Required action ::
Print the data below verbatim, minus images.

Exercise data ::

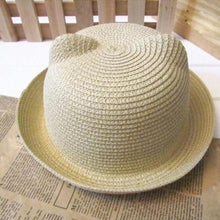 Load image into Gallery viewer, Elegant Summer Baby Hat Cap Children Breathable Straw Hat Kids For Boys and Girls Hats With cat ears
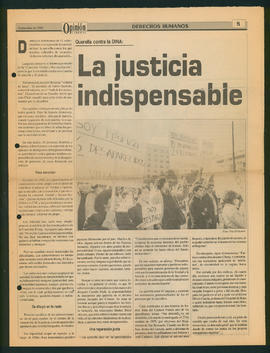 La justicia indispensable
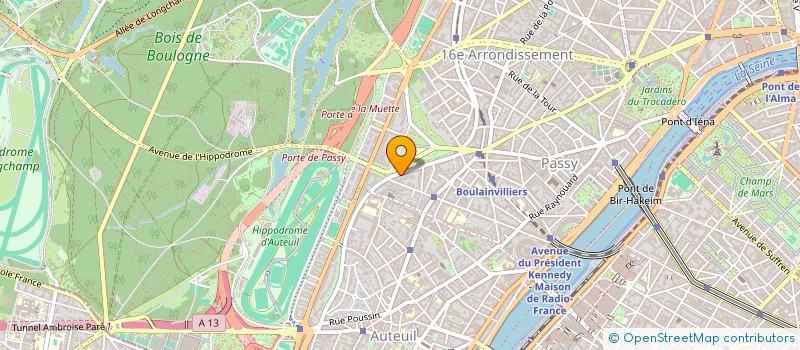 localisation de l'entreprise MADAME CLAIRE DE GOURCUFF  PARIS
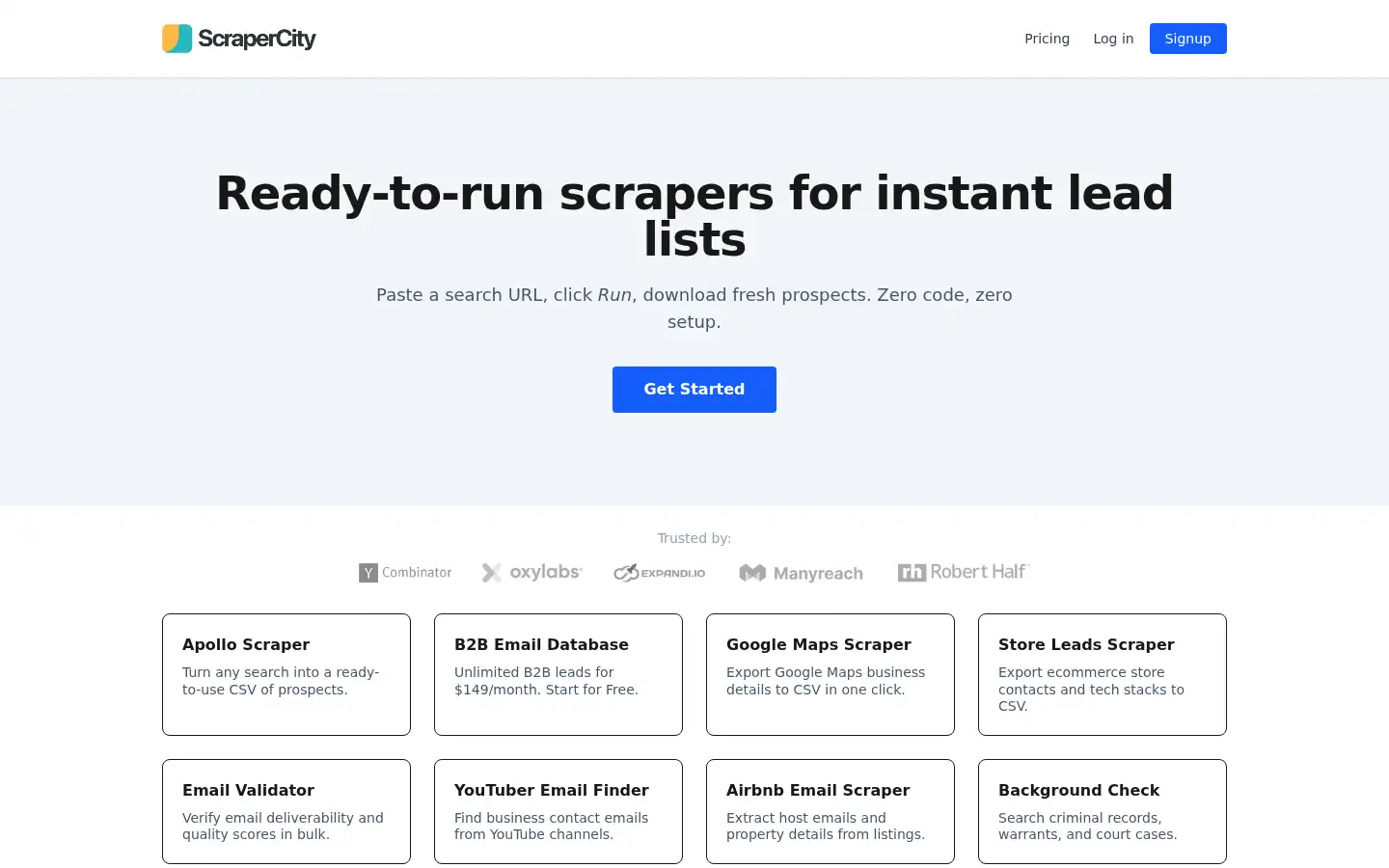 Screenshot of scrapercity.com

Problem solution ::
 Load image into Gallery viewer, Elegant Summer Baby Hat Cap Children Breathable Straw Hat Kids For Boys and Girls Hats With cat ears
 La justicia indispensable
 localisation de l'entreprise MADAME CLAIRE DE GOURCUFF  PARIS
 Screenshot of scrapercity.com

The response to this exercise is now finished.